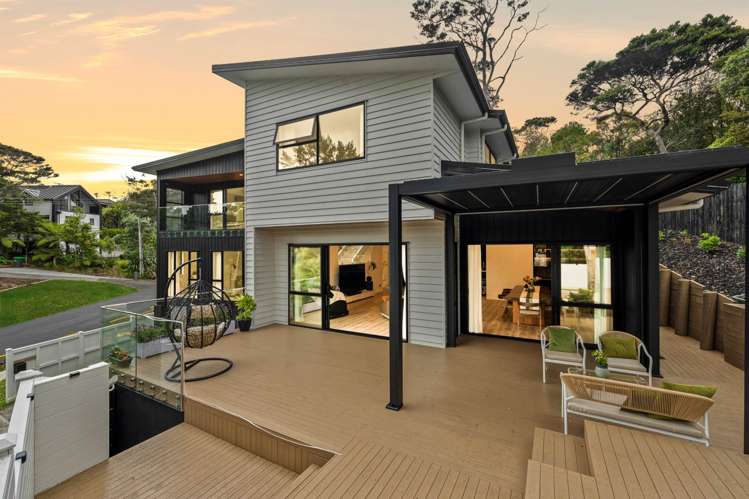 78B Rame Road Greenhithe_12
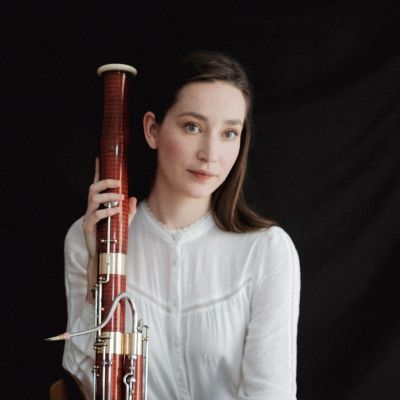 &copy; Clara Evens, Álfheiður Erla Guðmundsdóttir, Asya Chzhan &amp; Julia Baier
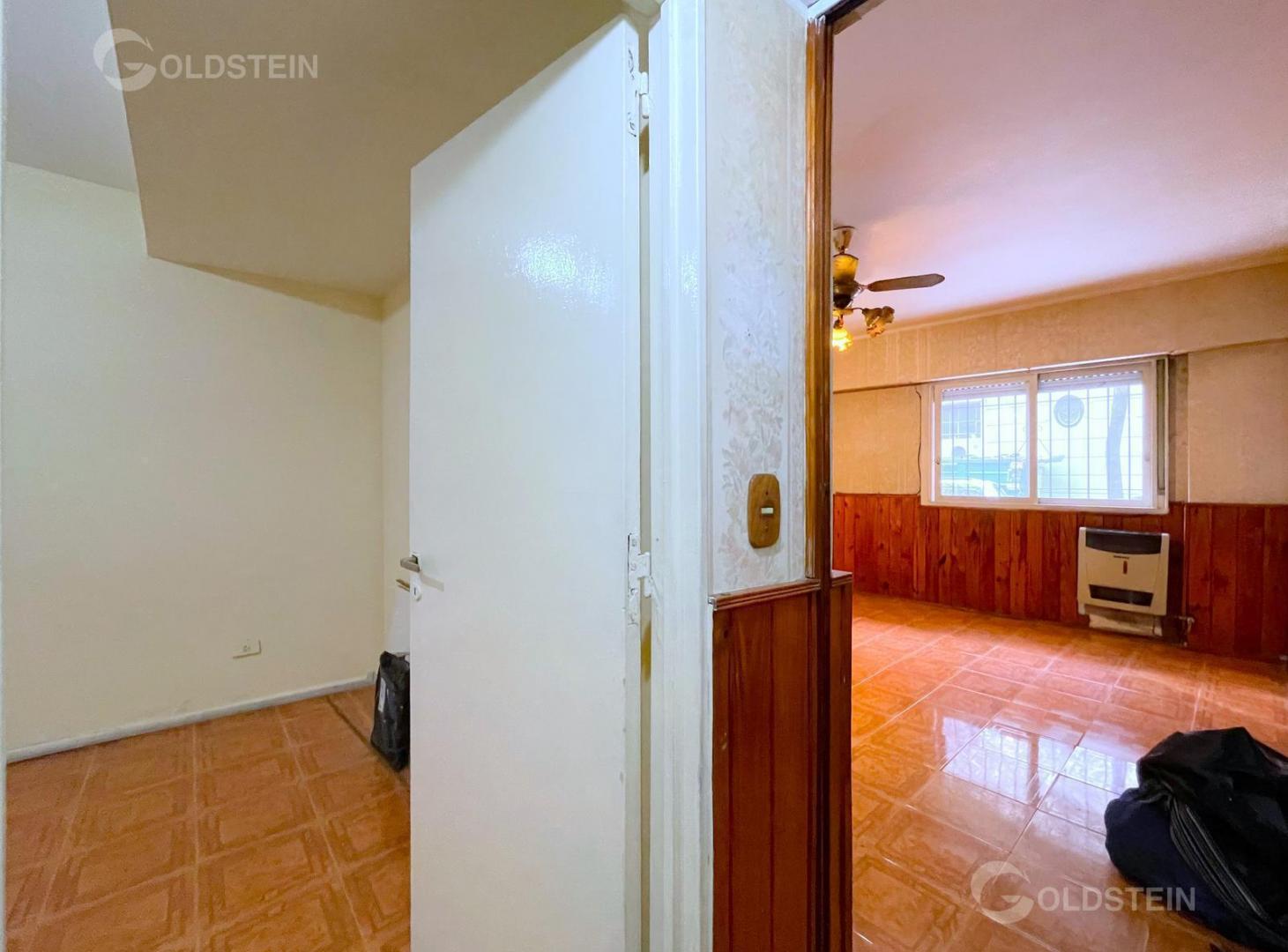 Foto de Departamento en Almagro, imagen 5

▸ **To do**
Could you output the listing word for word, omitting every picture?

▸ **Answer**
 78B Rame Road Greenhithe_12
 &copy; Clara Evens, Álfheiður Erla Guðmundsdóttir, Asya Chzhan &amp; Julia Baier
 Foto de Departamento en Almagro, imagen 5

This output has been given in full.